Data Transformation in Hadoop

By Dirk deRoos

The idea of Hadoop-inspired ETL engines has gained a lot of traction in recent years. After all, Hadoop is a flexible data storage and processing platform that can support huge amounts of data and operations on that data. At the same time, it’s fault tolerant, and it offers the opportunity for capital and software cost reductions.

Despite Hadoop’s popularity as an ETL engine, however, many folks (including a famous firm of analysts) don’t recommend Hadoop as the sole piece of technology for your ETL strategy. This is largely because developing ETL flows requires a great deal of expertise about your organization’s existing database systems, the nature of the data itself, and the reports and applications dependent on it.

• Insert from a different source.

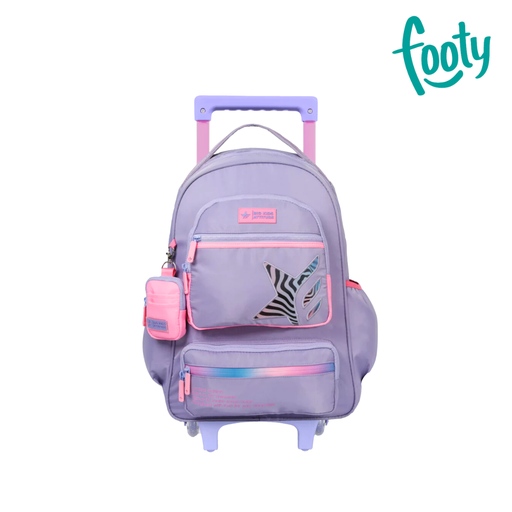 [47828] MOCHILA 18" CARRITO + MINI POUCH FOOTY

In other words, the DBAs, developers, and architects in your IT department would need to become familiar enough with Hadoop to implement the needed ETL flows. For example, a lot of intensive hand coding with Pig, Hive, or even MapReduce may be necessary to create even the simplest of data flows — which puts your company on the hook for those skills if it follows this path.

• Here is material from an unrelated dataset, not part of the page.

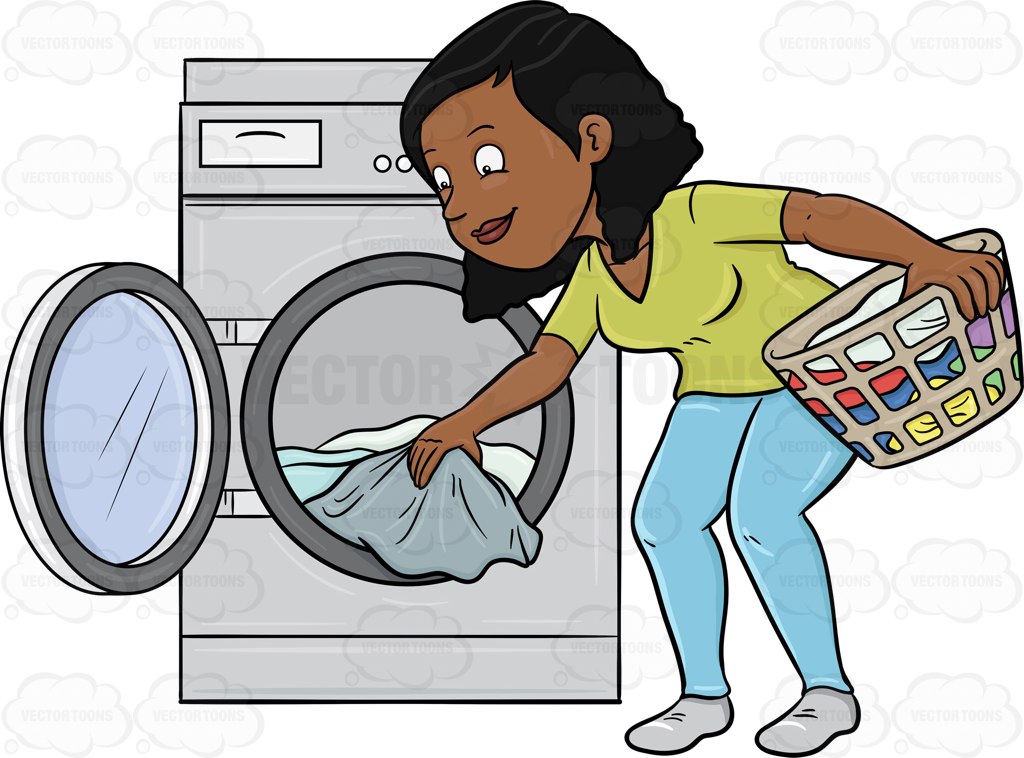 Ebony laundry mat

You have to code elements such as parallel debugging, application management services (such as check pointing and error and event handling). Also, consider enterprise requirements such as glossarization and being able to show your data’s lineage.

There are regulatory requirements for many industry standard reports, where data lineage is needed; the reporting organization must be able to show where the data points in the report come from, how the data got to you, and what has been done to the data.

Even for relational database systems, ETL is complex enough that there are popular specialized products that provide interfaces for managing and developing ETL flows. Some of these products now aid in Hadoop-based ETL and other Hadoop-based development. However, depending on your requirements, you may need to write some of your own code to support your transformation logic.